In college, I was so sure I was going to be the “Black Carrie Bradshaw” (and the female Anthony Bourdain) that I made the not-at-all irrational decision to rent an apartment in the cool part of Dallas—45 minutes from the University of North Texas (without traffic), waaay before graduation.
Denton felt too much like the cow town I came from. It was stifling my creativity (...to do my homework).
I was over my UNT student life, thanks to my internship at DailyCandy Dallas. For $50 a pop, I wrote witty 250-word features covering the city's food, shopping, and cultural scene. I. Loved. It.
DailyCandy gave me a taste of the life I craved, inspired by the aforementioned Sex and the City (I bought the book, even), Glamour magazine (I liked Cosmopolitan too, but felt Glamour had more substance), and The Devil Wears Prada-esque movies.
I was going to be a magazine-editing leading lady, living in a dope-ass apartment in New York City—a dream I imagine I shared with a lot of elder millennial women at the time.
I couldn’t have NYC, but I could have East Dallas, at least, so I leapt into performing this editorial version of myself.
I started a blog. I met indie designers, chefs, and women business owners for coffee and cocktails and chatted them up like a real journalist. Being a semester or two from my journalism degree? Please. I had a digital camera around my neck!


Fast forward to the 2020s, and there’s me, panicking at the thought of being clocked as an influencer for photographing a meal I might want to write about. The urgency and sense of authority I felt to get here has been swapped for caring entirely too much about what random people think.
Interesting, isn’t it? The reverse impostor syndrome in my twenties versus whatever this is—maybe a heightened sense of self-awareness? Fear of making a debut on the Influencers in the Wild Instagram account?
I started thinking about my fearless twenties during my solo dinner date at Oakland’s Shewhat Cafe this spring. I brought my journal so I’d keep my nose out of my phone and thought I’d jot down all five of my senses.
The first line I wrote down: “My hands are shaking!”

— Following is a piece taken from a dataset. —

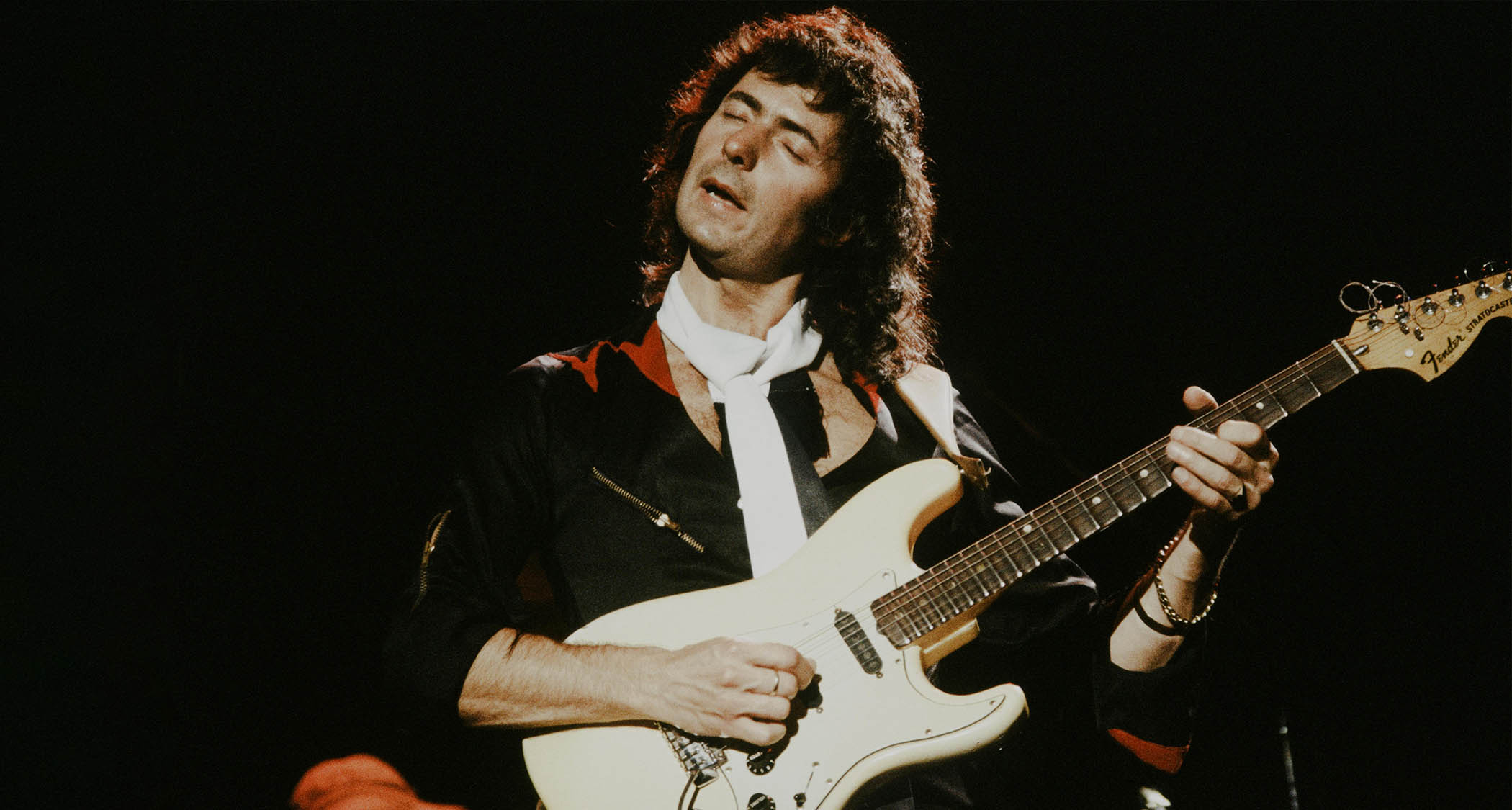 “Eric Clapton’s roadie brought a Strat with him. I said, ‘Do you want to sell that guitar?’ He said, ‘I’ll sell it to you for £60’”: Ritchie Blackmore on why he switched from the 335 to the Stratocaster – and the one he used to record Smoke on the Water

Despite my initial jitters (which I’m finding are just part of the deal as a solo traveler), the journalism of it all came right back to me. I got quite comfortable documenting my surroundings rather quickly (yes, the honey wine probably helped too).
I wrote what I saw—wooden tables and chairs that were new but felt very 90s (especially paired with the translucent red water cups standing tall on every tabletop—IYKYK), plants galore, wall-clinging tapestries patterned with smiling Black faces, and at every booth, vintage serving trays featuring Eritrean monuments doing double duty as artwork.
I wrote what I heard— “Is this soul food?” I scribbled after eavesdropping on the table next to me: two women commenting that because “okraaaahhh was in everything,” this had to be a soul food place. I chuckled softly as one complained that a recent trip to Japan was exhausting because she, a thirty-something, was surrounded by travelers in their twenties.
“I can honestly understand the sentiment.” I wrote, fully engrossed in their conversation.
The longer I stayed, the more comfortable I became, and my writing, more descriptive. I was like, YES! This is what life was like before I switched my brain to focus on brand writing and marketing.
Who knew that all I had to do was swap my technology to embody that somebody that I used to know?